- Chery Stockman at Everything Electric Sydney 2026

Overview
- Manufacturer: Chery
- Model code: KP31
- Also called: Rely Hi800 (China)
- Production: Q4 2026 (to commence)
- Assembly: China: Wuhu, Anhui

Body and chassis
- Class: Mid-size pickup truck
- Body style: 4-door pickup truck
- Layout: Front-engine, four-wheel-drive
- Platform: Kaitan Architecture

Powertrain
- Engine: Diesel plug-in hybrid:; 2.5 L twin-turbo I4; Petrol plug-in hybrid:; 2.0 L I4;
- Power output: 350 kW (476 PS; 469 hp) (Diesel PHEV); 395 kW (537 PS; 530 hp) (Petrol PHEV);
- Hybrid drivetrain: Series-parallel
- Electric range: 100 km (62 mi) (NEDC

Dimensions
- Wheelbase: 3,250 mm (128.0 in)
- Length: 5,610 mm (220.9 in) (KP31); 5,450 mm (214.6 in) (production);
- Width: 1,920 mm (75.6 in) (KP31); 2,010 mm (79.1 in) (production);
- Height: 1,925 mm (75.8 in) (KP31); 1,890 mm (74.4 in) (production);

= Chery Stockman =

Diesel plug-in hybrid mid-size pickup

The Chery Stockman is an upcoming diesel plug-in hybrid mid-size pickup truck to be produced by Chery. It is claimed to be the first ever diesel plug-in hybrid pickup truck.

== Overview ==

Dashboard

The Stockman was previewed by the Rely P3X concept first showed at the Chengdu Auto Show on 2 September 2025. It was the first concept to be revealed under the Rely brand. The Stockman is a double-cab pickup truck using a ladder frame chassis and is also the first model to use the Kaitan Architecture.

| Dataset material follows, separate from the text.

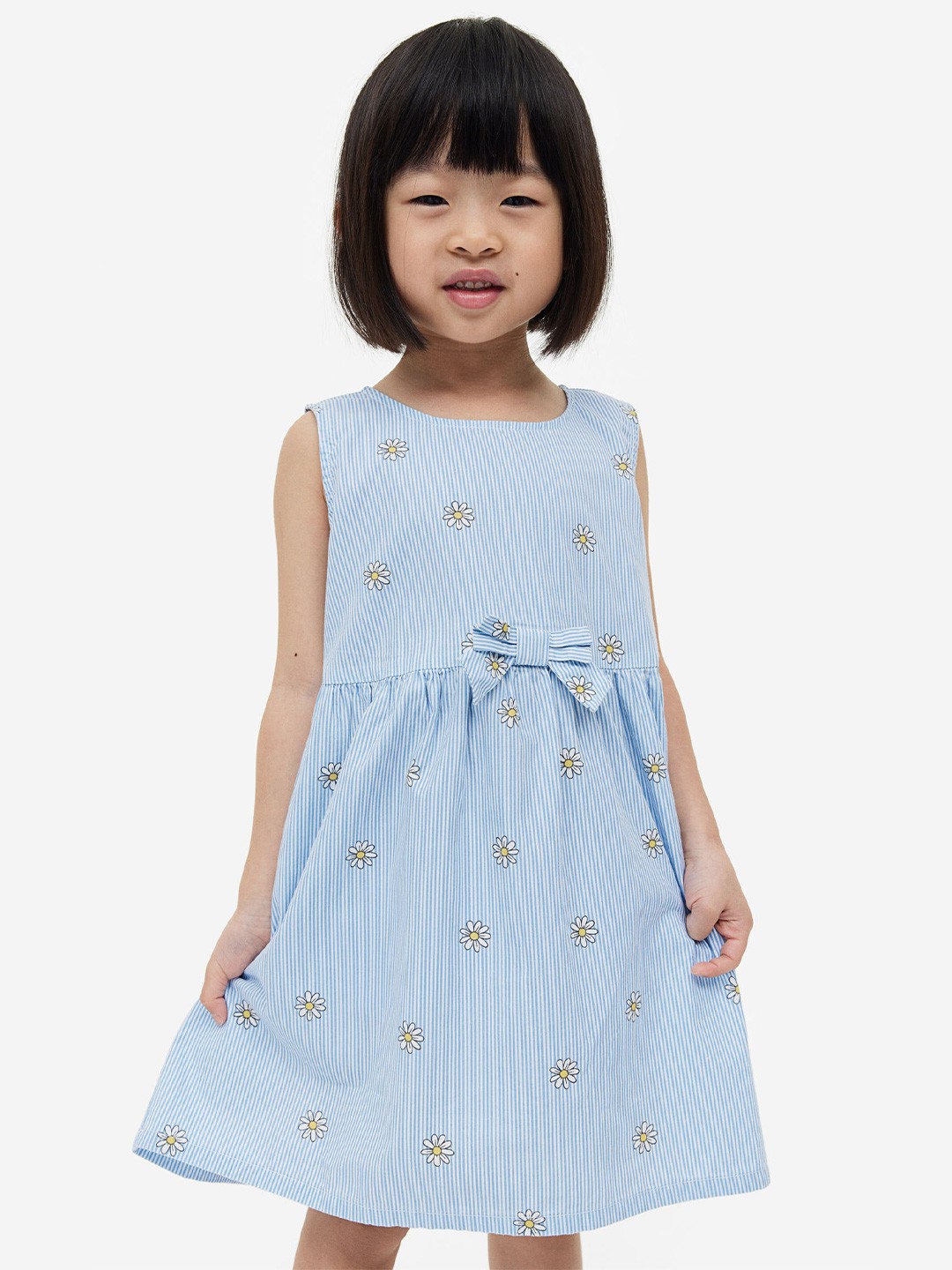 

H&M Girls Pure Cotton Dress, Blue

A near-production model was revealed in Australia on 23 February 2026, tentatively named the Chery KP31. In March 2026, Chery announced a competition for Australians to name the vehicle, starting on 12 March at 12:00 p.m. Australian Eastern Daylight Saving Time (UTC+11:00), and closing at 11:50 p.m. AEDT on 26 March, with the winner to receive the first unit shipped to Australia. In May Chery released a short list of the 20,000 names submitted: Outrider, Orca, Ironbark, Bushwalker, Stockman, Longreach, Ridgeback, Terra, and Mate. Australians then got to vote on which name was chosen.

Chery will first launch the Stockman in Australia in late 2026. A petrol plug-in hybrid version will be made available in 2027. It will feature coil spring rear suspension and a 2.0-litre four cylinder engine, with a combined output of 395 kW and 1000 Nm.

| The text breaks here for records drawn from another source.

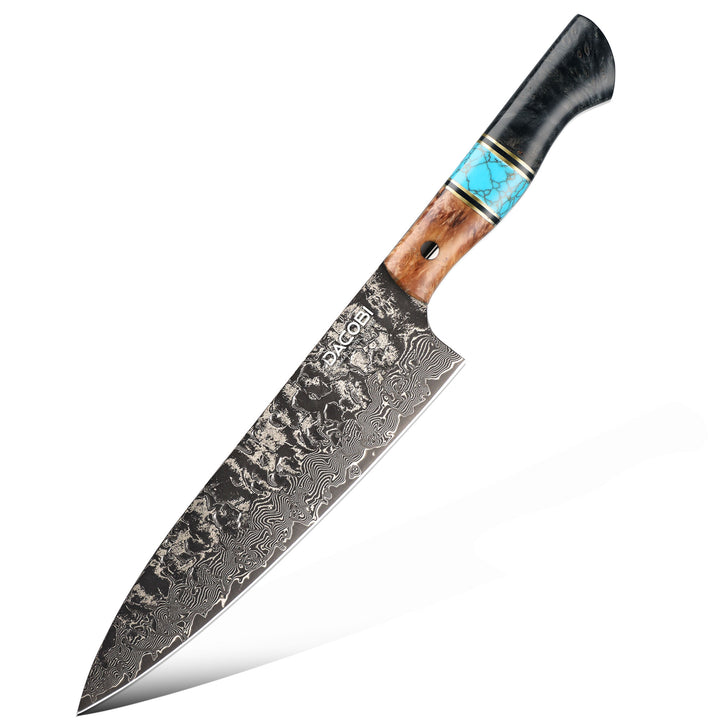 Kuchařský nůž C67, Damašková ocel, 21.5 cm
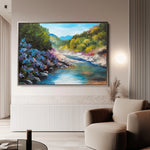 Landscape 142 Canvas Art 18" x 24" / 45 x 60 cm / Black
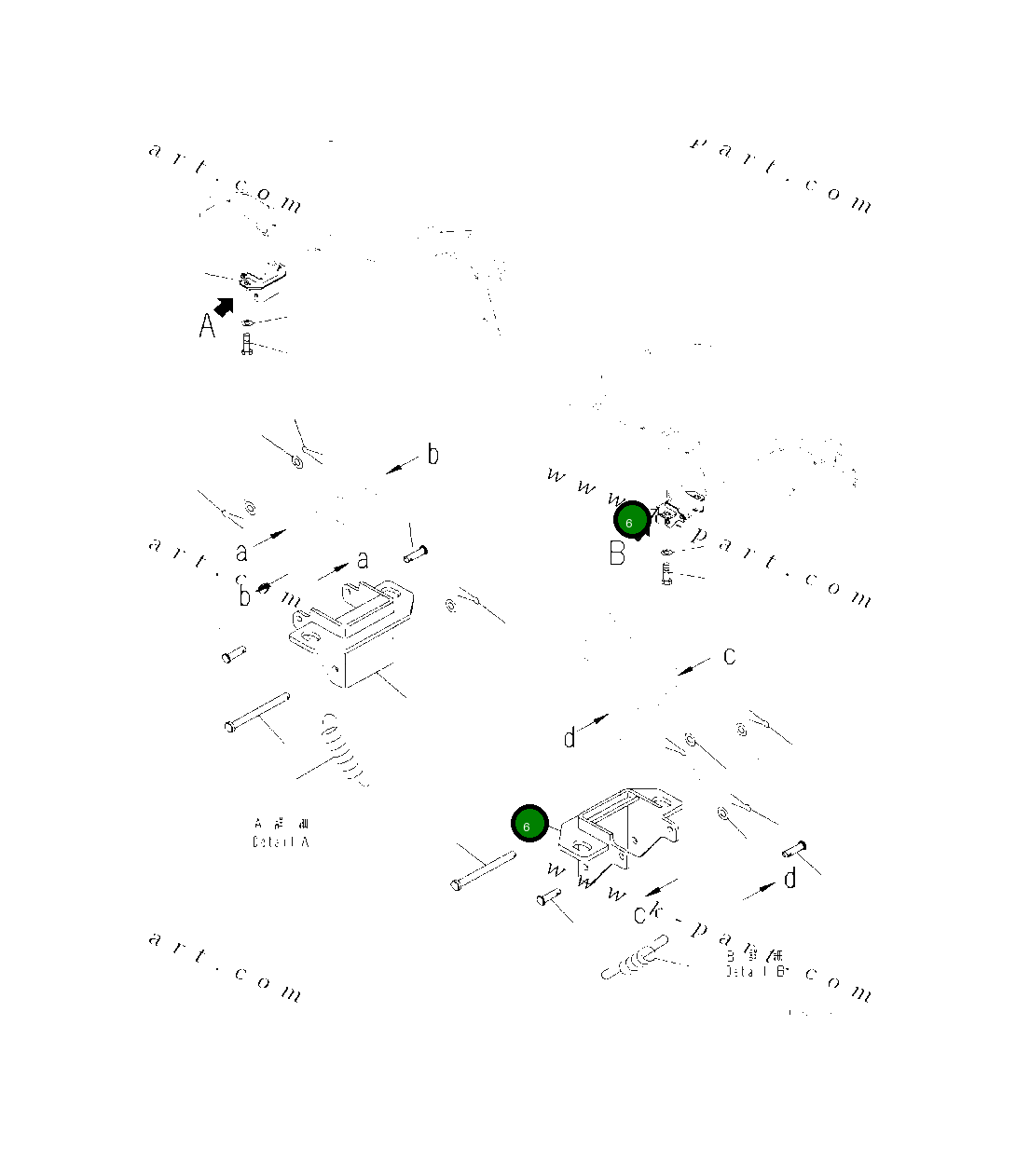 Кронштейн 419-54-64710 Komatsu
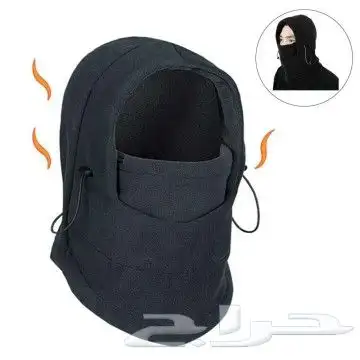 قناع الشتاء من الصوف مبطن فرو ناعم 3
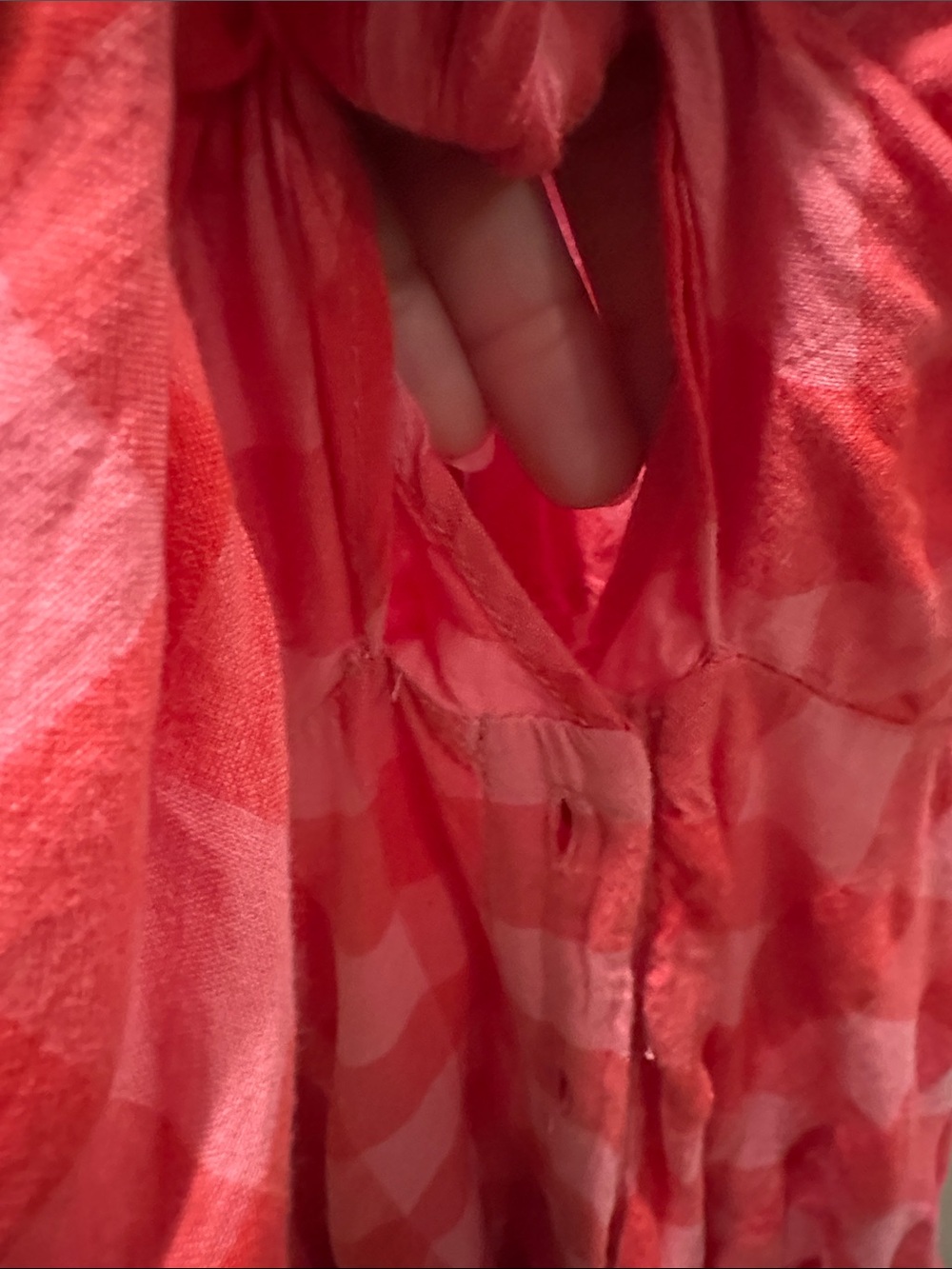 Free People-XS maxi dress NWT retail $128  coral and pink - Picture 5 of 12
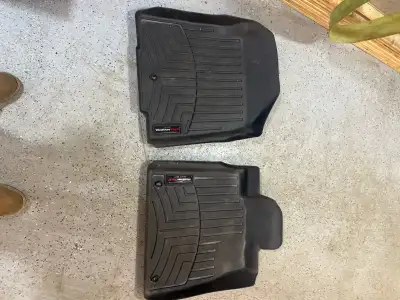 2011 Acura MDX WeatherTech floor mats bought in December. Hit a deer with Acura. No need. $100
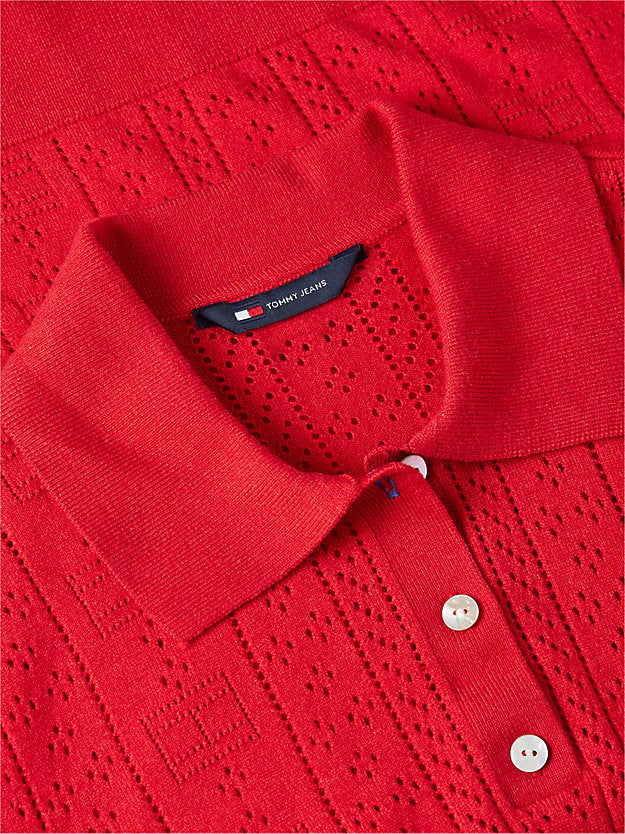 Solid Regular Fit Half Sleeve Ribbed Polo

On 17 June 2026, Chery unveiled the official name of the KP31, the Chery Stockman, named after the Australian term for people who mind livestock on a station. The name was also previously used in Australia by Suzuki for a Sierra-based pickup truck. The Australian engineering firm Premcar assisted in local testing and tuning of the Stockman. The Chinese name Rely Hi800, stands for Hybrid intelligence.

=== Design ===
The Stockman's front end has been compared to that of the sixth-generation Ford Bronco because of its circular headlights, flat front end, and full-width grille. The back uses vertical taillights and "CHERY" stamped into black plastic trim on the tailgate. Box-flared fenders are utilised.

Front view
Rear view

=== Features ===
The Stockman uses front and rear skid plates, includes, recovery points, a snorkel, and six-lug wheels. Integrated steps are also used in the rear. The bed was designed to sit high above the chassis so that it has minimal intrusion from the wheel arches. Large side-view mirrors and traditional door handles are also utilised.

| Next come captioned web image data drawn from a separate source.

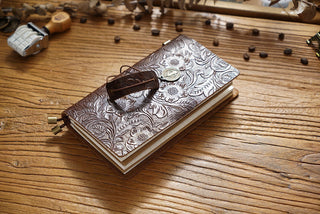 Premium Handmade Leather Notebook – Buckle Strap Closure NO008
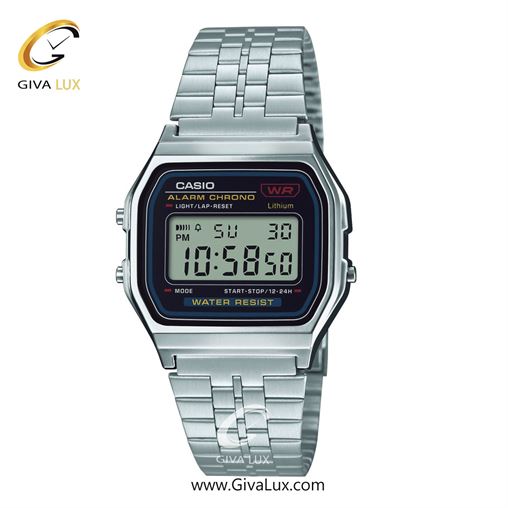 ساعت مچی اورجینال مردانه کاسیو Casio نقره ای | نقره ای| مشکی| کد رفرنس A159WAD-1D A159WA-N1DF.jpg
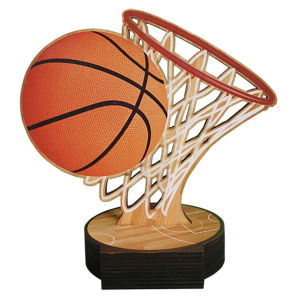Full wood trophy Basketbal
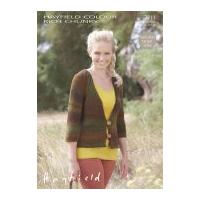 Sirdar Ladies Cardigan Colour Rich Knitting Pattern 7711 Chunky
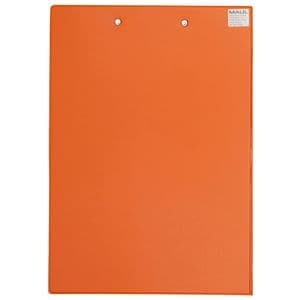 Picture 2 of Klembordmap MAUL A4 staand met penlus PVC neon oranje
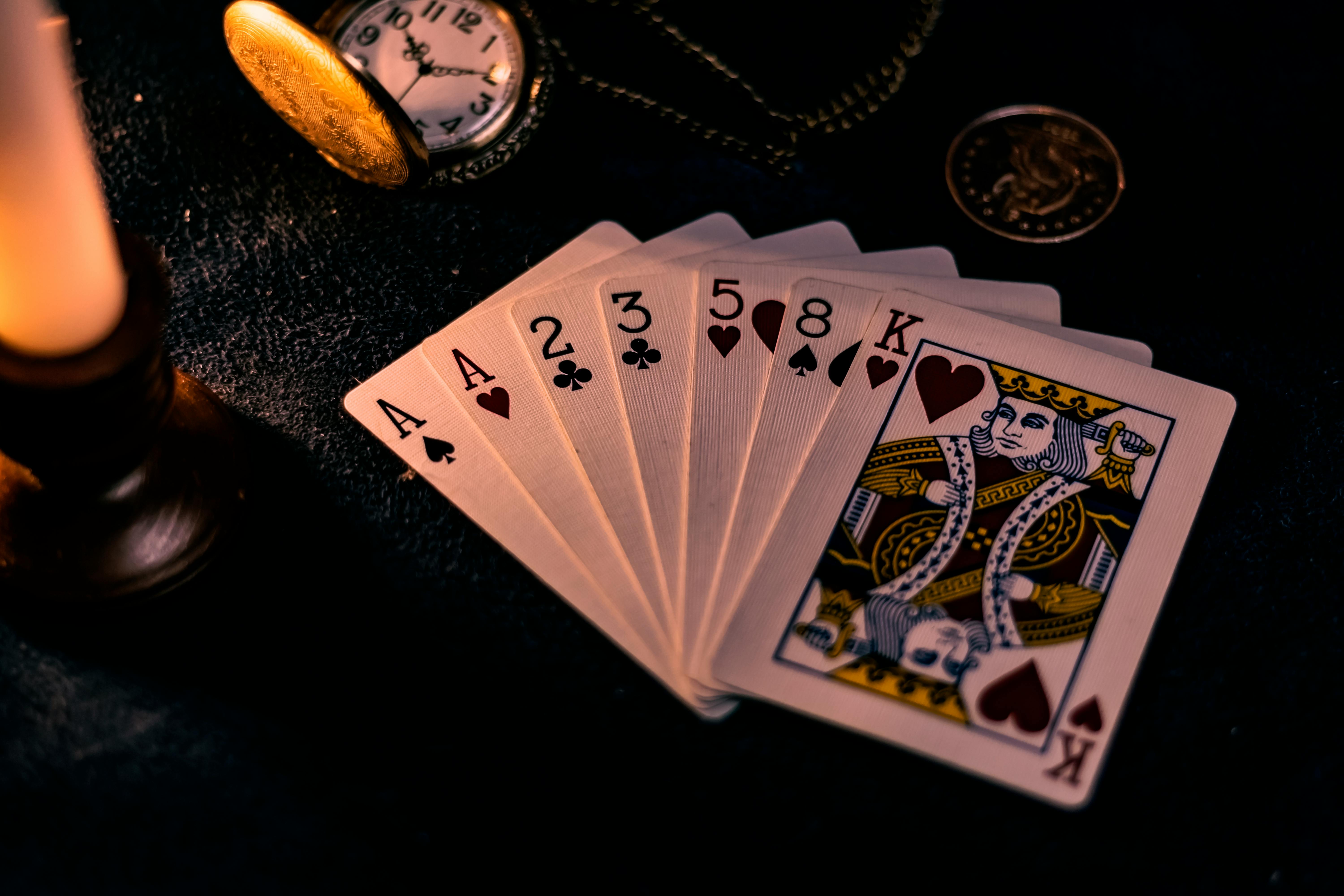 Abstract casino background with glowing elements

== Powertrain and chassis ==
The Stockman uses a plug-in hybrid system consisting of a 2.5-litre twin-turbocharged diesel inline 4 producing 210 kW and 650 Nm of torque paired with an electric motor, making a combined 350 kW and 800 Nm of torque. It has a claimed combined fuel consumption of 2 l/100 km. The specs of battery are unknown, however the battery will be located towards the back of the frame. The Stockman's engine has a thermal efficiency of 47% and is said to be 10% more economical than that of a conventional diesel engine.

The Stockman will use front, centre, and rear locking differentials and a low-range gearbox. The front will use double wishbone suspension, with the rear using leaf springs.

It will have a 1000 kg payload capacity, a 750 kg unbraked towing capacity, and a 3500 kg braked towing capacity.